FF6 (SFC, 94) suit une jeune fille amnésique dans un univers fantastique qui entre dans sa première révolution industrielle. D'une grandiloquence visuelle et musicale (l'orgue tour à tour apocalyptique et lumineux du final) souvent foudroyante, sublimement rythmé et 'mis en scène', virtuose dans sa façon d'exalter le sentiment de liberté du joueur, FF6 est, aux yeux de nombreux gamers, le chef-d'oeuvre absolu et intemporel de la série.

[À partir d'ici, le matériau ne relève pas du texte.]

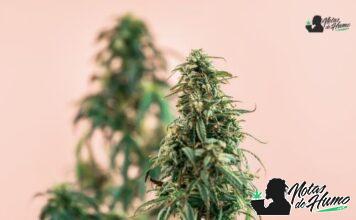 Blueberry Cookies strain marihuana: Opiniones y Efectos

Chrono Trigger (SFC, 95), fruit d'un partenariat inédit entre Sakaguchi, Yuji Horii (auteur de Dragon Quest, l'autre grande saga de RPG japonais), et Akira Toriyama (le créateur de Dragon Ball), est une variation nostalgique, ensorcelante et audacieusement structurée sur le thème des voyages dans le temps, qui en extrait intelligemment le potentiel ludique (chaque action du joueur a une conséquence dans le futur) et poétique (y sont décrits l'évolution d'un monde, sa destruction et ses décombres).

Quant à FF7 (PSOne, 97) et au film FF (01), ils constituent les œuvres les plus intimes de Sakaguchi, hantées l'une comme l'autre par le décès de sa mère et par le shintô (ensemble de croyances animistes encore très présentes dans l'inconscient collectif japonais).

Devenu freelance en 2002, Sakaguchi a fondé son propre studio, Mist Walker, en 2004. Il travaille actuellement, pour Microsoft, sur deux RPGs exclusifs Xbox 2.

NB : La plupart des FF sortis sur FC et SFC ont été convertis sur PSOne, seuls (FF6) ou sous forme de compilations (FF Origins réunit FF1 et FF2, FF Anthology réunit FF4 et FF5).


>>> Dates




83
: Entre dans la petite société qui deviendra Square en 86. Fort de son expérience de programmeur, il fait montre, instantanément, d'une compréhension aiguë des contraintes créatives qu'impose le jeu vidéo.

87 : Final Fantasy 1 (NES).

94 : Final Fantasy 6 (SFC).

95 : Chrono Trigger (SFC).

97 : FF7, premier FF à ne pas sortir sur une console Nintendo, et premier blockbuster de l'histoire du RPG console (30 millions de dollars de budget, une centaine de personnes impliquées), permet à la PSOne de distancer irrémédiablement la Saturn au Japon, alors que les deux machines étaient auparavant au coude à coude. Il impose enfin le RPG dans l'imaginaire des joueurs occidentaux, jusque là imperméables au genre, et devient l'un des plus gros succès PSOne avec 8 millions d'ex vendus.

00 : L'Academy of Interactive Arts and Sciences, composée de professionnels, remet à Sakaguchi un prix récompensant l'ensemble de sa carrière –l'équivalent vidéo-ludique de l'oscar d'honneur.

01 : Réalise le film Final Fantasy : The Spirits Within, en production depuis quatre ans, et qui rapporte seulement 32 millions de dollars aux Etats-Unis alors qu'il en a coûté 137.

02 : Suite à l'échec du film FF, il démissionne du poste de vice-président de Square qu'il occupait depuis 91 et devient consultant et producteur exécutif extérieur.

02 : Fan d'Everquest, il fait de FF11 (PS2, PC) un MMORPG, dont une grande partie du contenu narratif naît des interactions entre les joueurs.

>>> Sakaguchi est un grand cinéphile, proche de Cameron par l'ampleur des moyens qu'il déploie, les univers SF et fantastiques qu'il affectionne, et la fusion de grand spectacle et d'intimisme à quoi il aspire.